The militant women suffragists made another raid on No. 10 Downing-street, the official residence of the prime minister. Two of their number, Mrs Drummond and Miss Mary Garth, succeeded in reaching the swing-doors leading into the historic council chamber. While these women were being ejected two others - Miss New and Nurse Chew - chained and padlocked themselves to the railings outside the premier's residence. It was some time before police inspectors could break the chains and escort the released suffragists to Cannon-row Police Station.

Each suffragist wore round her waist a long, steel chain - not unlike a very heavy dog chain. Each took the loosened end of the chain, threw it round the railings, and fixed it to the rest of the chain. This was done so deftly that it was not until the police heard the click of the lock that they understood the clever move by which the suffragists had outwitted them, and prevented for a time their own removal. 'Votes for women!' shouted the two voluntary prisoners simultaneously. 'Votes for Women?'

(2) Sylvia Pankhurst, The Suffrage Movement (1931)

Mary Leigh and her colleagues, who were organising there, began by copying the police methods so far as to address a warning to the public not to attend Mr. Asquith's meeting, as disturbances were likely to ensue, and immediately the authorities were seized with panic. A great tarpaulin was stretched across the glass roof of the Bingley Hall, a tall fire escape was placed on each side of the building, and hundreds of yards of firemen's hoses were laid across the roof. Wooden barriers, nine feet high, were erected along the station platform and across all the leading thoroughfares in the neighbourhood, whilst the ends of the streets both in front and at the back of Bingley Hall were sealed up by barricades. Nevertheless, inside those very sealed-up streets, numbers of Suffragettes had been lodging for days past and were quietly watching the arrangements.

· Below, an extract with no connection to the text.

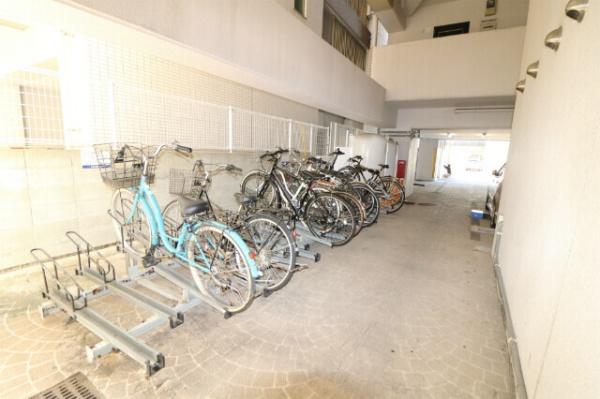 福岡市博多区千代３丁目のマンション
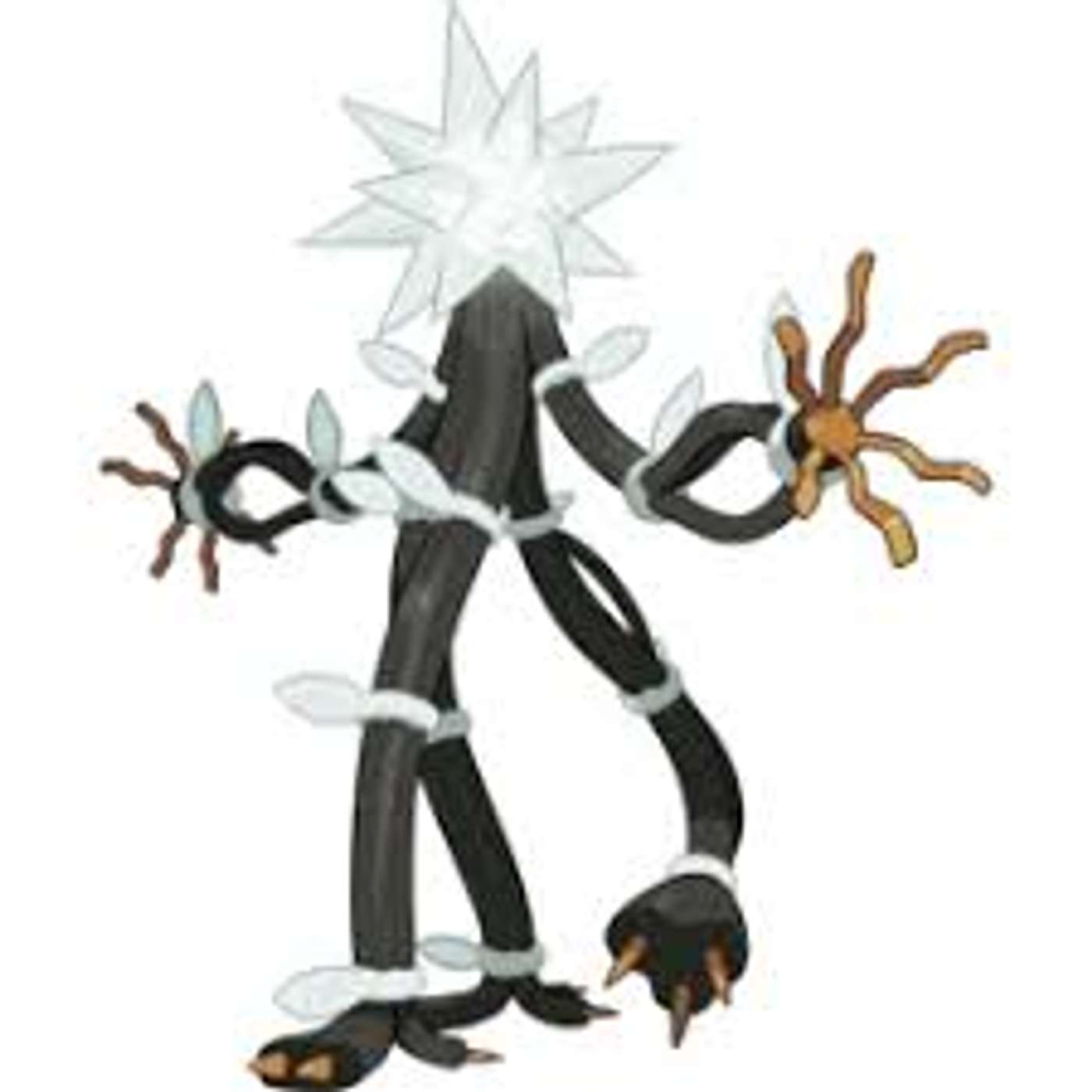 Pokemon Stats & Facts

When Mr. Asquith left the House of Commons for his special train, detectives and policemen hemmed him in on every side, and when he arrived at the station in Birmingham, he was smuggled to the Queen's Hotel by a back subway a quarter of a mile in length and carried up in a luggage lift.

Meanwhile, tremendous crowds were thronging the streets and the ticket holders were watched as closely as spies in time of war. They had to pass four barriers and were squeezed through them by a tiny gangway and then passed between long lines of police and amid an incessant roar of "show your ticket." The vast throngs of people who had no tickets and had only come out to see the show surged against the barriers like great human waves, and occasionally cries of "Votes for Women" were greeted with deafening cheers.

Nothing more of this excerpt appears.